» **Work instructions**
With the pictures left out, print exactly the lines below that run from the one containing "Замечательный лучок! Фото" through the one containing "Haflinger Hengst 2 Jahre 150 cm Dunkelfuchs in Tubre Haflinger".

» **Data for review**
┌──

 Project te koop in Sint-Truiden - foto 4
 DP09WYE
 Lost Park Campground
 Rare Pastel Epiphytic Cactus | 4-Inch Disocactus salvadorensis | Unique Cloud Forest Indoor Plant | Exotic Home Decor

└──
┌──

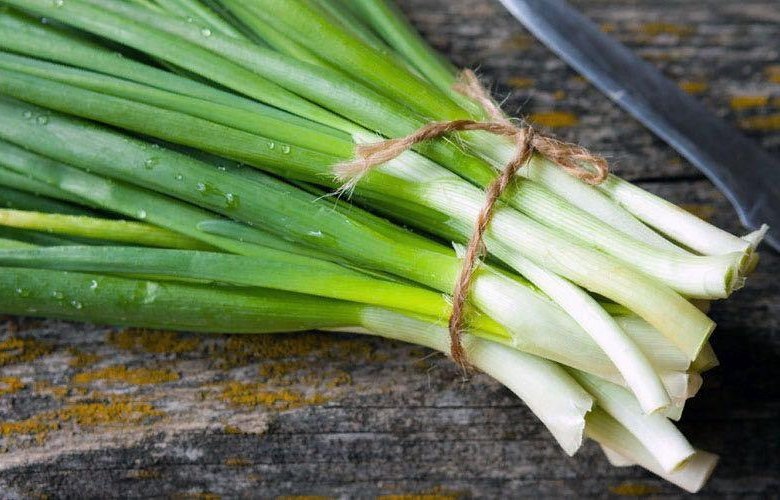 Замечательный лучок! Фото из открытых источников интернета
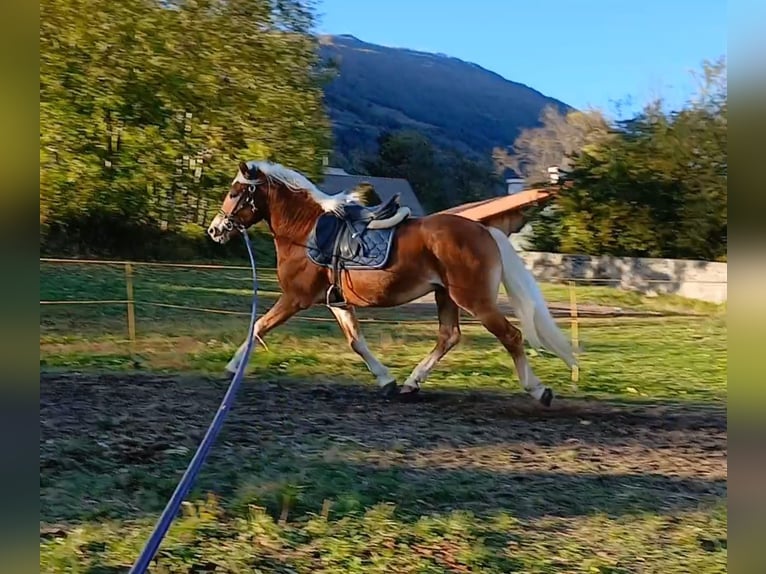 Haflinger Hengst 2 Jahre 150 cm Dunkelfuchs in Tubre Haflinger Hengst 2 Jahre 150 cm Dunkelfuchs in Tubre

└──

» **Reply**
 Замечательный лучок! Фото из открытых источников интернета
 Haflinger Hengst 2 Jahre 150 cm Dunkelfuchs in Tubre Haflinger Hengst 2 Jahre 150 cm Dunkelfuchs in Tubre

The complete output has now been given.